▶ _What you are asked to do_
Lines from the one containing "Vintage Y2K 2001" through the final line of the records below are needed, copied exactly, with no pictures.

▶ _Data excerpts_
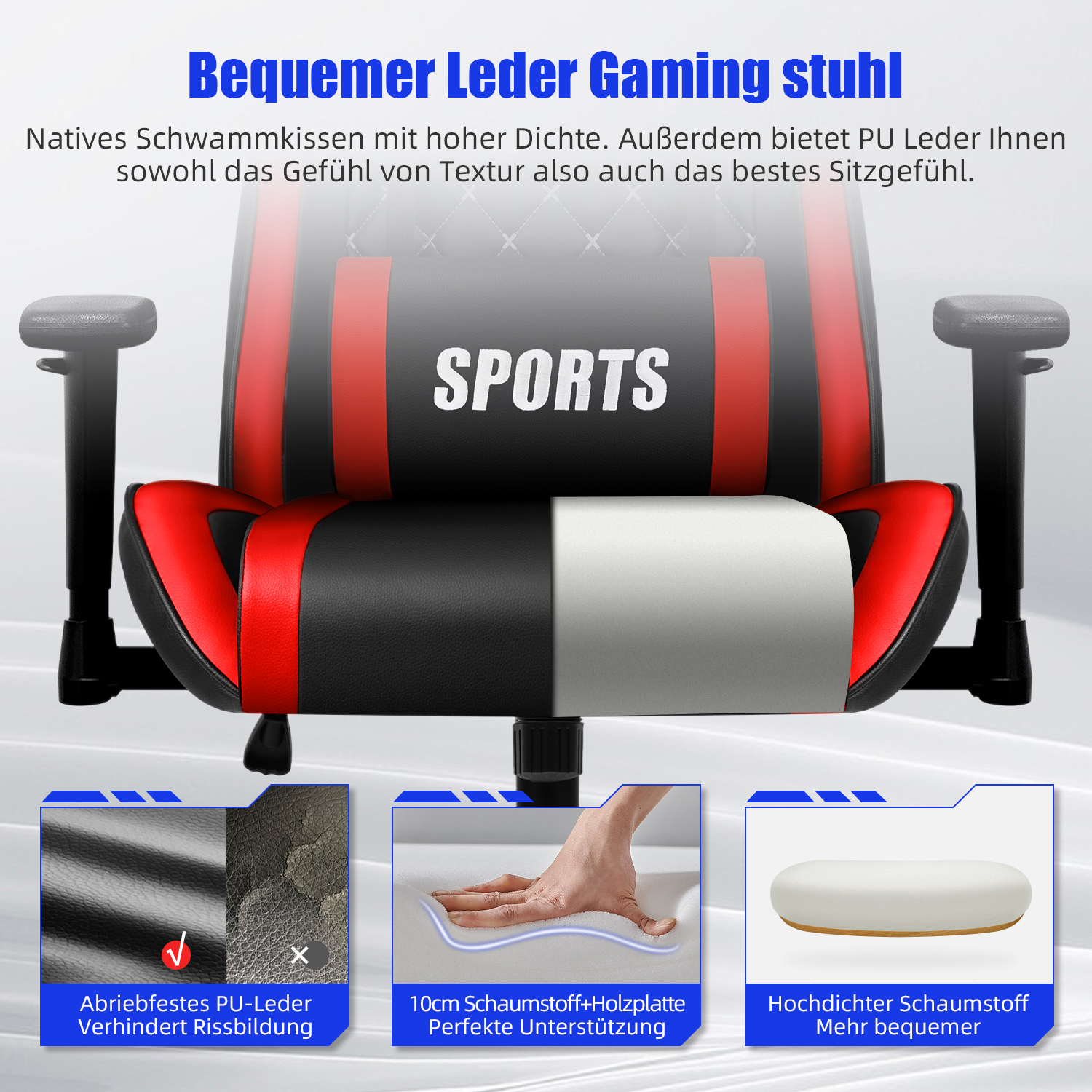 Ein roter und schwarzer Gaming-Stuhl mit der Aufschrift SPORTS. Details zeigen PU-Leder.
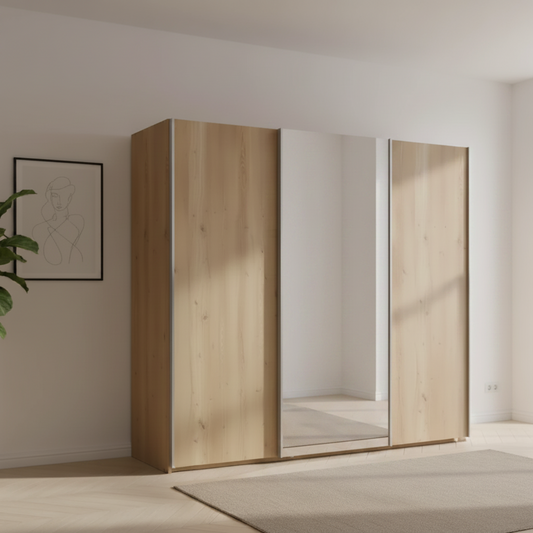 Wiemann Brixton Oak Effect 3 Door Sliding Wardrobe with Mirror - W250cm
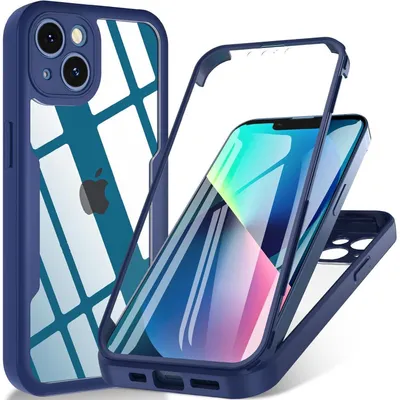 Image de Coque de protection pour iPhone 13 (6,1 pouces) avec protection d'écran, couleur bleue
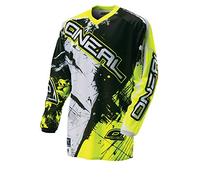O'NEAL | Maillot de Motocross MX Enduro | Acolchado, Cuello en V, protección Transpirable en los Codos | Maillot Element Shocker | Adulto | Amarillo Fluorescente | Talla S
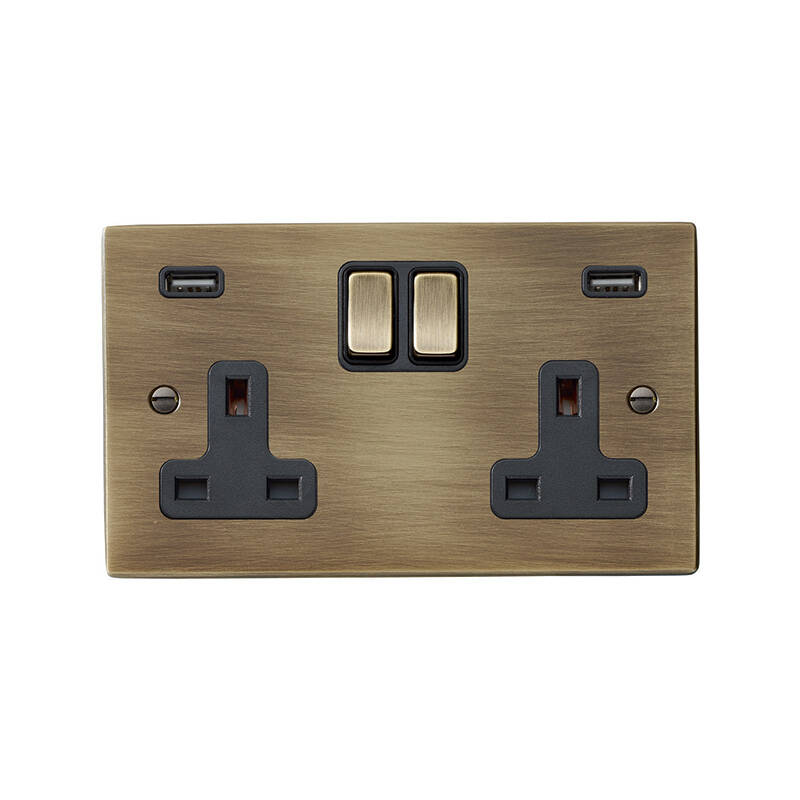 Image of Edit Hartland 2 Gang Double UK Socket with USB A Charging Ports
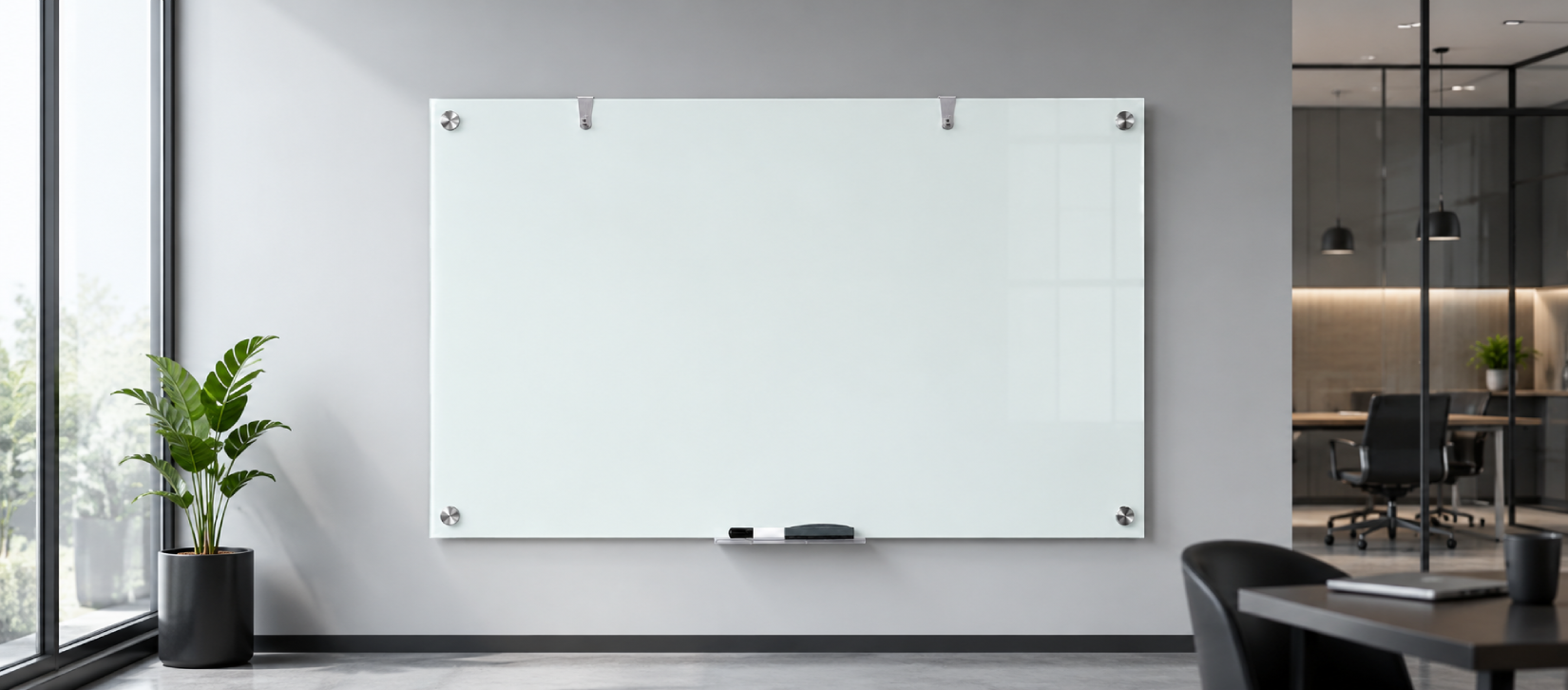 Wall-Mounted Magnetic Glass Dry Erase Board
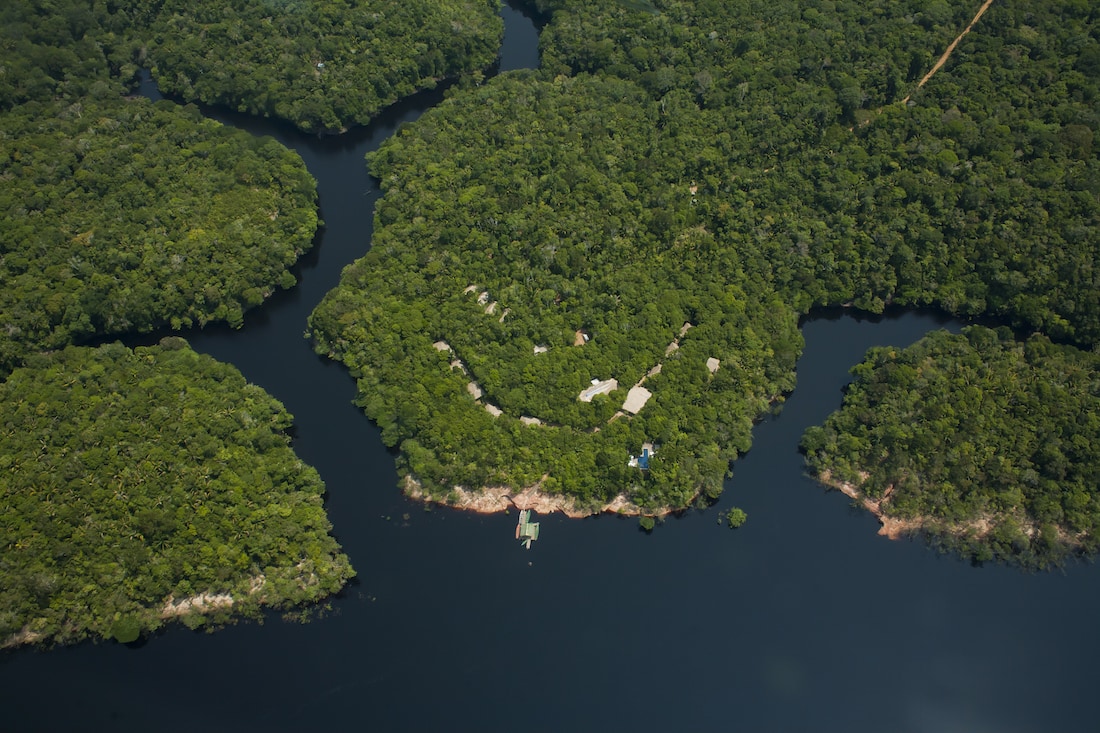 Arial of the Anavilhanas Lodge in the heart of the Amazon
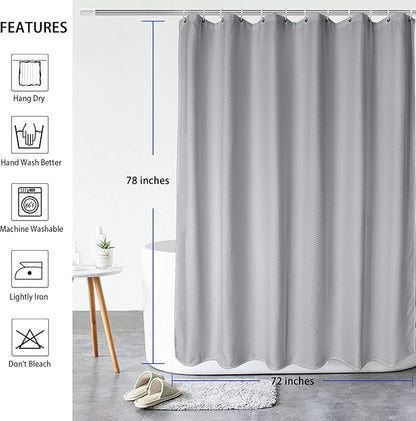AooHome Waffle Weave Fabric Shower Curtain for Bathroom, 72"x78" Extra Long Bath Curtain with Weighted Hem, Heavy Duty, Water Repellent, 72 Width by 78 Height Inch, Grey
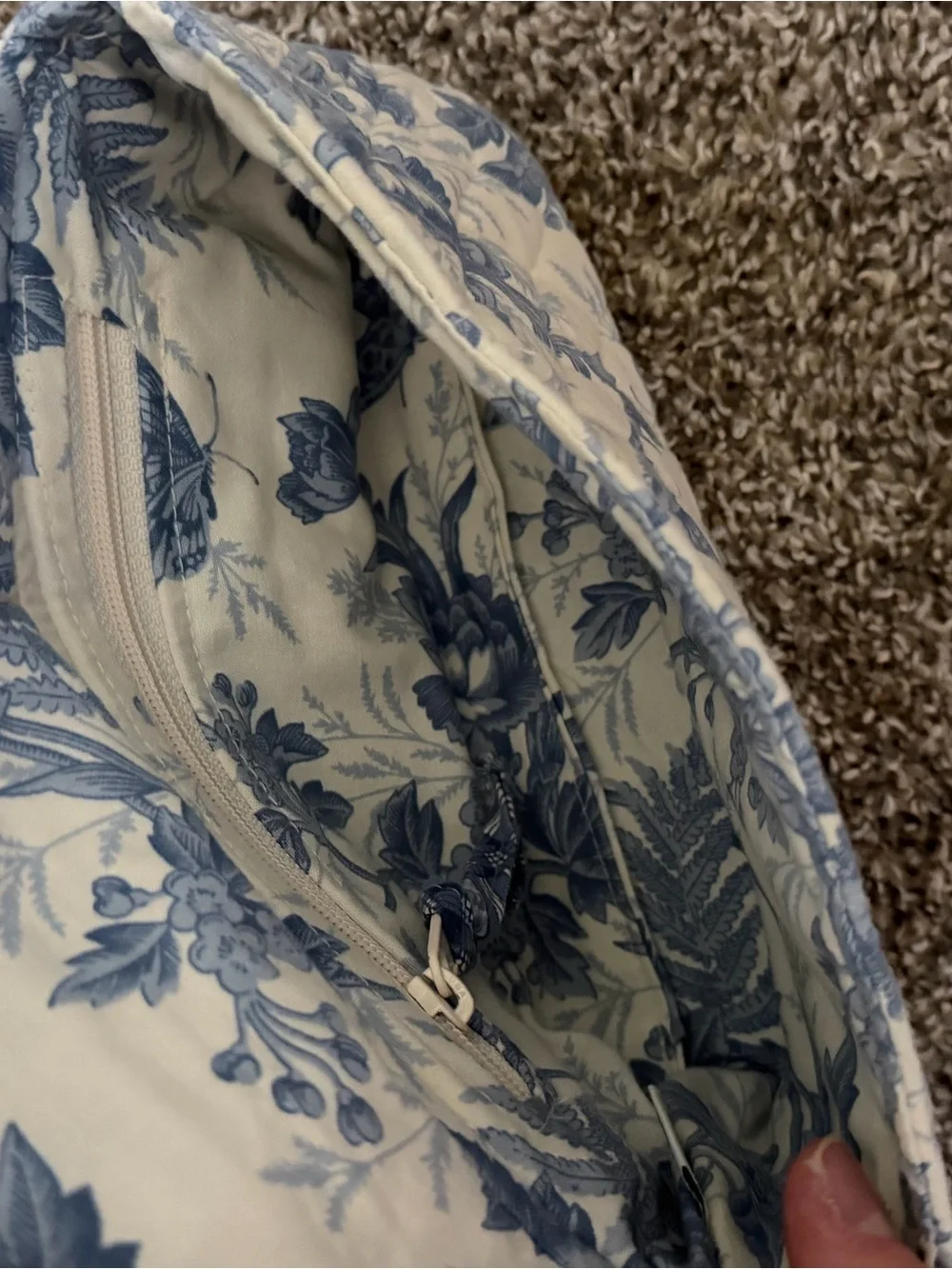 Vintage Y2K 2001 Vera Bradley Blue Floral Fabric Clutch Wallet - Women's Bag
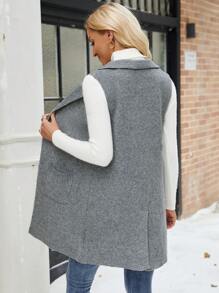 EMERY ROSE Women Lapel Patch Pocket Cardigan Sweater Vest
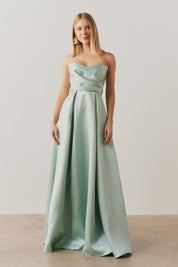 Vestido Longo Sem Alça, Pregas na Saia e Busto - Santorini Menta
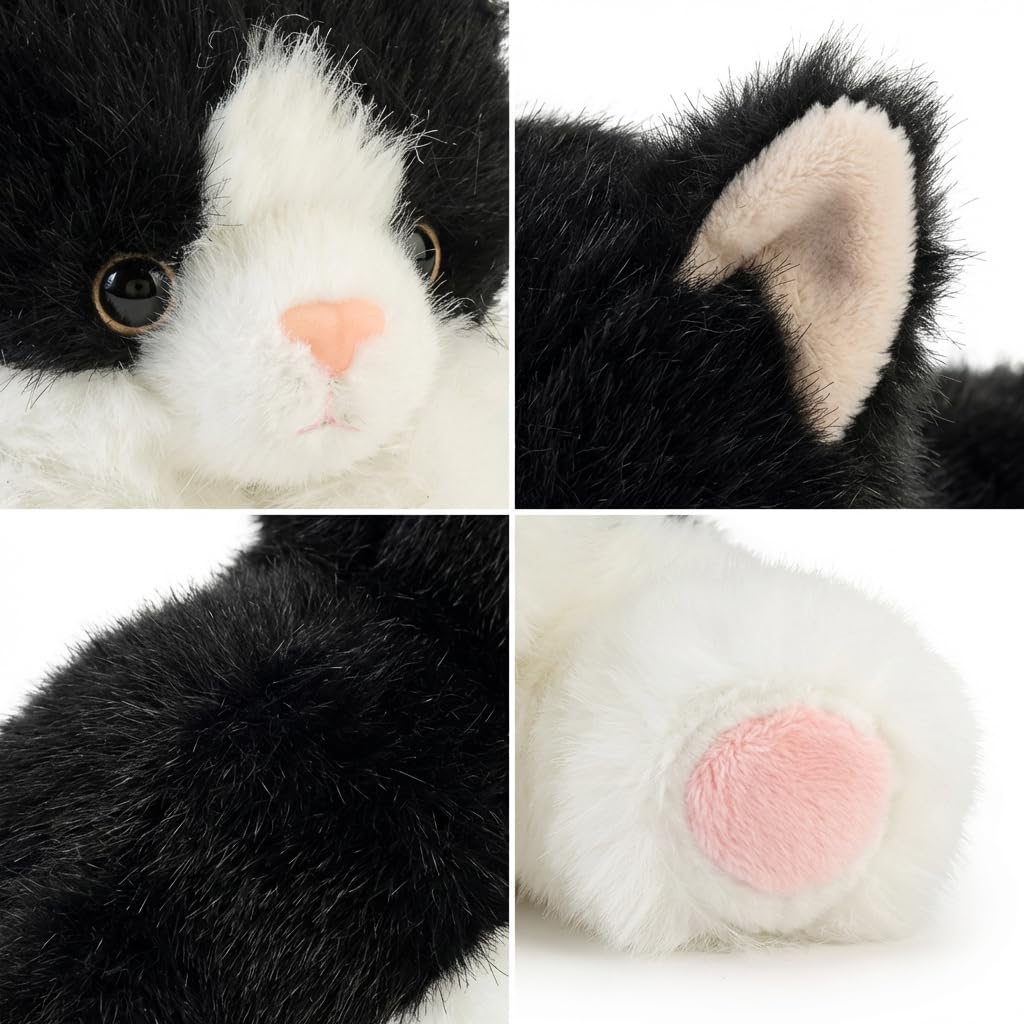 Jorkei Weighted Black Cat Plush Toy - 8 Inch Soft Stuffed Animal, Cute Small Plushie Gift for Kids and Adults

▶ _Task output_
 Vintage Y2K 2001 Vera Bradley Blue Floral Fabric Clutch Wallet - Women's Bag
 EMERY ROSE Women Lapel Patch Pocket Cardigan Sweater Vest
 Vestido Longo Sem Alça, Pregas na Saia e Busto - Santorini Menta
 Jorkei Weighted Black Cat Plush Toy - 8 Inch Soft Stuffed Animal, Cute Small Plushie Gift for Kids and Adults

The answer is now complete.